Diane Leslie's debut, about a girl with the improbable name of Fleur de Leigh, is a winning evocation of Beverly Hills in the '50s. Amid this gilded wonderland, Fleur is a sort of precocious show-biz Eloise; she is as independent as she is innocent, a condition imposed upon her by her aloof parents: Charmian, the insouciant star of "The Charmian Leigh Radio Mystery Hour" and speaker of fluent Franglais; and Maurice, the producer of the hilariously cruel television game show "Sink or Get Rich." As imposing as this duo is (their self-regard rivals that of Sartre and Simon de Beauvoir), Fleur's upbringing is left to the relative strangers who drift into--and out of--the Leighs' mansion. There's Glendora, the voluptuous nanny whose engagement to a strong silent cop is derailed by Charmian's sexual imperialism; Miss Hoate, another nanny, who is convinced that chenille bedspreads pose a health risk; Gilda, who runs a psychodrama workshop for the pre-pubescent overstimulated youth of Hollywood; and Thea Roy, a legend of the silent era who comes to roost chez Leigh at the end of her life. Leslie reveals a world that's as shiny and as frozen as a game-show host's smile and a little girl who navigates it with heartening savvy.
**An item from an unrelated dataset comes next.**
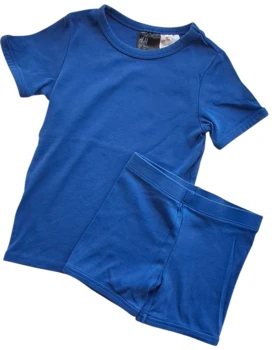 H&M blåt sommersæt str. 110-116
HAVING EVERYTHING; By John L'Heureux; Atlantic Monthly Press: 230 pp., $24
"Having Everything" is a gracefully written, painfully familiar look at adulthood. The writing is so sharp and clear, in fact, that "Having Everything" is an Andrew Wyeth painting of a novel, in which every gesture, every blade of grass cuts through to some emotion, traveling a distance from skin to heart that could exist only after at least four decades of life, like a complete molecule with all eight rings from its nucleus to its outer shell and no need to bond.
WHEN WE WERE WOLVES; Stories By Jon Billman; Random House: 230 pp., $21.95
These stories, set in the American West (Utah, Wyoming and South Dakota) are not so much about how to live, as many stories are, as about what to put up with and what to refuse. Characters in the collection, dog mushers and firefighters (the author is himself a firefighter) don't have a whole lot of time for navel gazing. They negotiate weather and money and wild animals and Freemasons and Mormons in their daily lives, and with Jon Billman's fast writing, it can be as dizzying as a galactic battle in a "Star Wars" movie. You feel, as you read, that things are being hurled at you, and you can either duck or receive them: "The storm," Billman concludes one story, "rolled eastward across the prairie, onto Faith, with the sound of a thousand horses racing to the river, and the wheat was beaten with hailstones the size of baseballs." It is language, much like Annie Proulx's descriptions of her American West, that really packs it in, that in a single phrase can describe the landscape, culture, history and politics of an area while conveying a smell and perhaps a sense of hopefulness or despair. In "When We Were Wolves," he describes Wyoming as "an orange and atomic promised land," a phrase that speaks to the marrow of the West.
THE GIRLS' GUIDE TO HUNTING AND FISHING; By Melissa Bank; Viking: 274 pp., $23.95
The Age of Innocence is over. Gone are the literal and metaphorical corsets for teenage girls, the guidelines for life, love and whatever else they could elbow their way into. These days, we muddle along, raising ourselves (with the help of Mother's negative example), trying to take our cues, wanting what we're supposed to want, wearing what we're supposed to wear. Rarely falling in love with the right people. Melissa Bank would gag at this earnestness. She gives the muddling through a great deal of style and humor. She makes it seem not so terrible for a girl to make her way to womanhood without guides. Muddling can land a girl in some painful, if instructive, detours from which she must rouse herself, as this collection shows. In the screamingly funny title story, Jane gives in to a friend's advice and buys a book to guide her, a book with the disgusting title of "How to Meet and Marry Mr. Right." Here are some of the principles she finds in this silly book: play hard to get, don't be funny (it indicates the depth of your neediness), wear your hair long, etc. When Robert, somewhere around the fourth date, tells Jane that she reminds him of someone from high school, the buzzer finally goes off. She should trust her instincts. Bank writes like John Cheever but funnier. Give her a few decades to come around to the sorrow of love. In the meantime, prey on her equanimity and vigor.